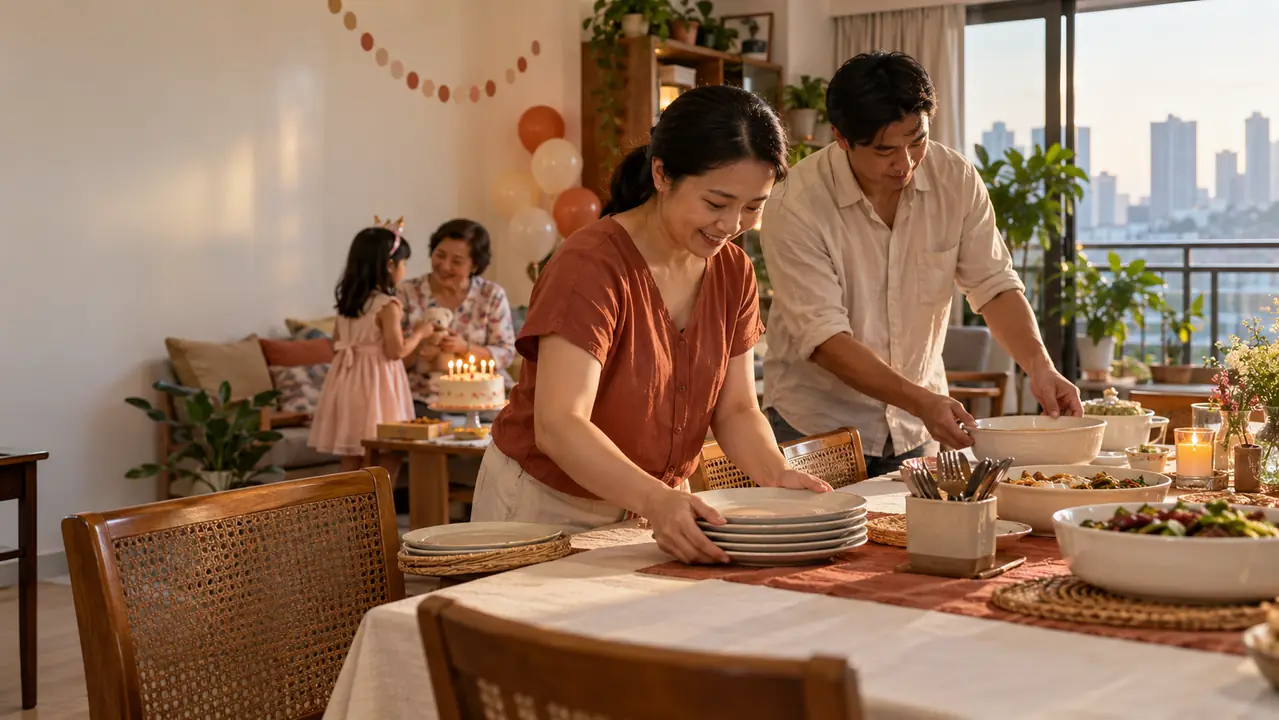 Filipino family hosts arranging a birthday meal table before guests begin eating.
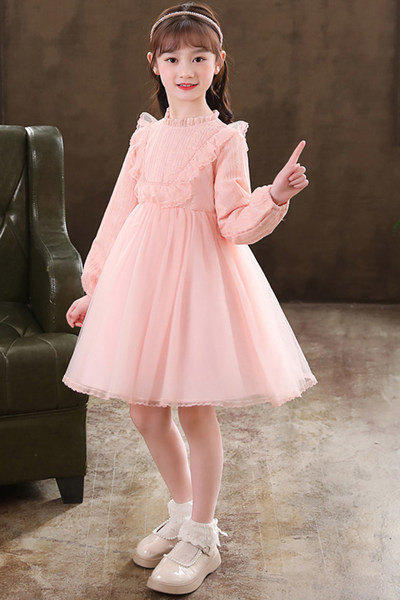 Rochie elegantă pentru fete cu mâneci lungi și decolteu oval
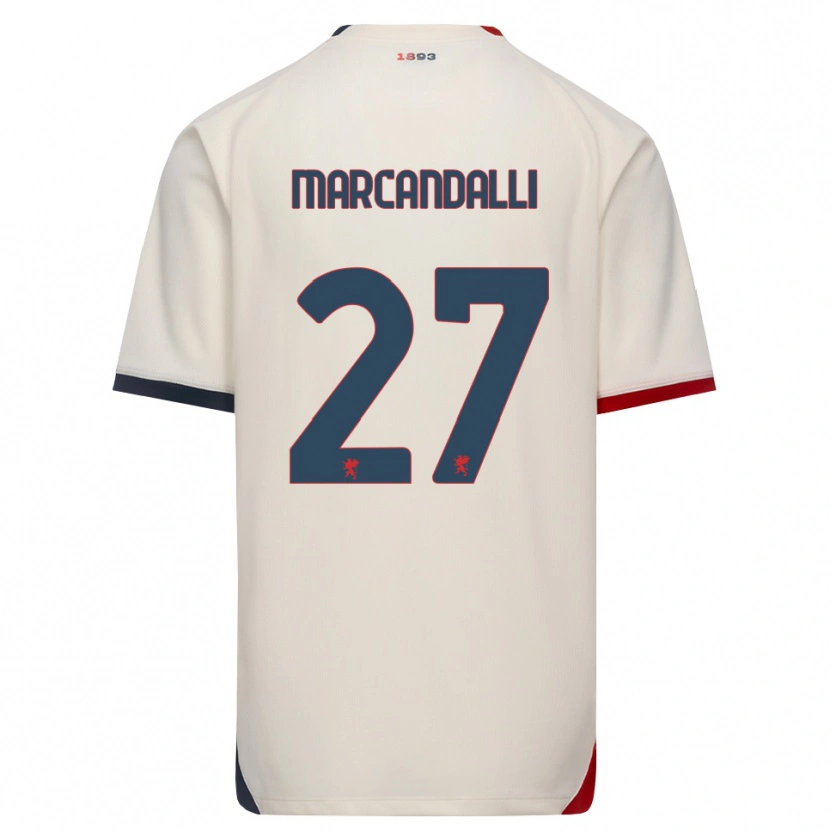 Danxen Børn Alessandro Marcandalli #27 Off-White Rød Udebane Spillertrøjer 2026/27 Trøje T-Shirt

********************

> EXERCISE BRIEF:
Your answer must be the full listing, reproduced word for word, without its pictures.

> ANSWER FOR THE TASK:
 Filipino family hosts arranging a birthday meal table before guests begin eating.
 Rochie elegantă pentru fete cu mâneci lungi și decolteu oval
 Danxen Børn Alessandro Marcandalli #27 Off-White Rød Udebane Spillertrøjer 2026/27 Trøje T-Shirt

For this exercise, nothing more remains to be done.